Hello fellow GRF members,

Being new to the world of metals refining , i had no idea where to start and finding this Forum was a blessing. This forum is literally a Gold Mine! Special Mention and Thanks to lazersteve and Harold_v!!

i am currently in the process of fine-tuning the casting operations at work and was looking for guidance and pointers in the Casting department.

i am currently using a 5kg induction furnace with graphite crucible.
i usually cast 700gm ingot bars in a open mould made out of Cast Iron.
i use a Silicone mould release spray to lubricate the mould before each pouring.
i also make sure i pour under a reducing flame with LPG Gas(butane+propane)
I use Ammonium Chloride & Borax as flux,if needed.

I've had all kinds of problems , i thought i would organise all my doubts and post them in one go! :

Is it necessary to have a flame over the crucible while the gold melts?i read that this prevents the metals from being oxidised(esp Silver), however I've had people tell me that it is unnecessary. i tried it and could not find any improvements in the casting.I am just learning that silver and gold behave differently, could someone explain?

After the gold has been throughly melted, the crucible is carried over to the casting tray where the mould is kept,i find that streaks of oxidised gold forms on the molten mirror like surface of the gold while it is being carried to the mould.this in turn flows out and come on top of the ingot,pictures are attached below….is this oxidised gold? or is it due to some sort of chemical lingering on from the AR process?
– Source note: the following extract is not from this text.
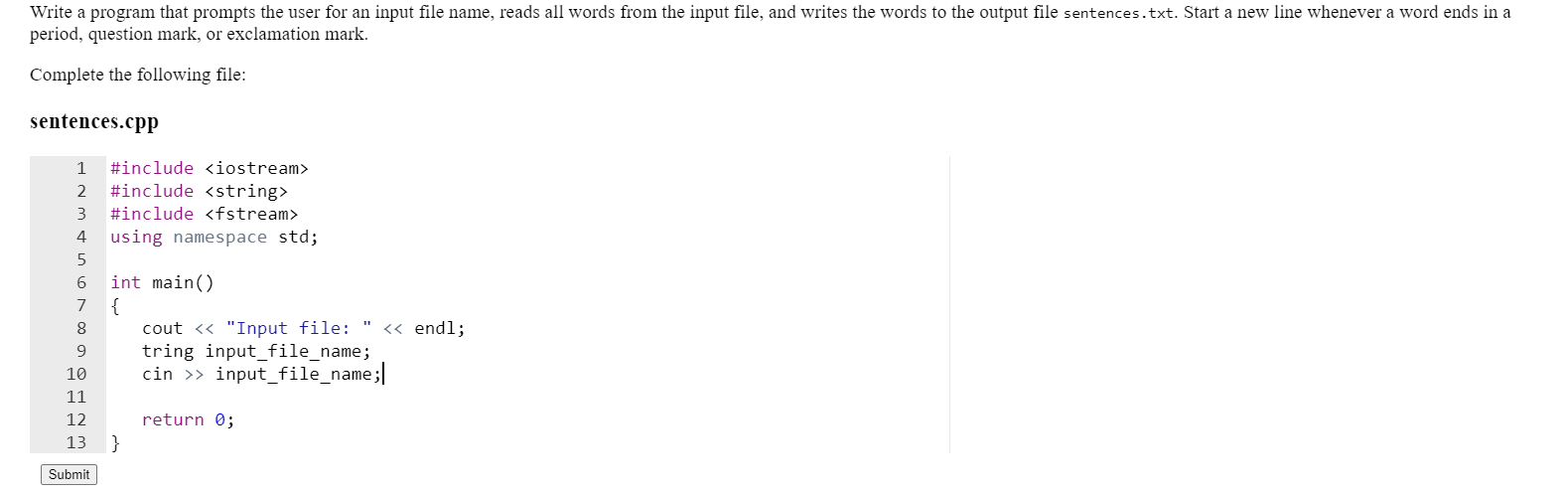 Solved Modify this program so that it writes the values in | Chegg.com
I've been doing all sorts of things to get rid of it, any suggestions on eliminating this streak/stain ??



I have come to realise that controlled cooling is very much important to get a mirror like surface finish on the bars, I'm in the process of devising a cooling plate for this. is it worth getting a cooling plate? and could i get any tips on how to improve surface finish and reduce casting defects like Rings and piping ?

After the ingot has been casted , i quench it in a tub of ammonium chloride solution and then water, is this advisable ? is there a better method of doing it ? this has been the age old practice of the company i work for.
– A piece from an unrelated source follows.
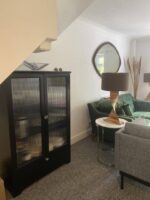 Outlet - Lua Tall Cabinet In Noir Black With Fluted Glass - Image 3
While casting 9999 electrolytic silver, even though i cast it under a reducing flame .sometimes i get these black scabs forming on the surface of the bars(pics Below), what are they ?any remedies ?



I am just starting to learn about casting - any sort of ideas, suggestions,criticisms are welcomed.
thanks,
youngling

moderator please feel free to edit my post as you deem necessary.


----------



## Palladium (Jun 19, 2016)

If those are pure metals you need no flux. It looks like flux residue to me. Try putting the gold in 25% nitric and giving it a good boil. That should remove the flux without any scrubbing so as not to scratch up the bar surface. For the silver try a boil in diluted sulfuric to remove the flux. Are your using a clean crucible to start out with or one that may have had trash in it from a previous melts. Once you start using the crucible for melting only use it for pure metals and once it starts to become dirty then you can still use it to melt up your anode bars in.


----------



## youngling (Jun 19, 2016)

@palladium - yea you maybe right, ive been using the same crucible for both impure and pure silver melts, thanks- that was stupid of me.sometimes its the easiest things that make the difference 

the funny thing about the "stain" on the gold bar is that, while it is in the furnace there isnt a single "stain" on the molten gold surface, its clear and mirror like....but as soon as i take it out and proceed to pour , these "stains" form and flow out into the mould. somehow i have a feeling its not flux,because its part of the gold.and i do get bits of flux once a while,heres another bar with a larger stain - 
.
ive been trying to solve this for over a month with no result, my best guess is that they form due to oxidation and drop in temperature.i even thought id use the tilting feature of the furnace inorder to maintain the same temperature while casting , but we've never done this and terrified that well end up loosing metals due to spills 

I am relatively new to casting,and have much to learn . thanks again palladium


----------



## etack (Jun 19, 2016)

Have you XRFed it to see whats your contamination? It looks like Pd might be your problem. Its not the cooling or the melting its the refining.

Eric


----------



## Lou (Jun 20, 2016)

PGM contamination, or Se/Te or something like that. You need to refine it better. No reason why your gold or your silver should look like that. Black on the silver is iron contamination.


Lou


----------



## upcyclist (Jun 20, 2016)

Lou said:


> Black on the silver is iron contamination.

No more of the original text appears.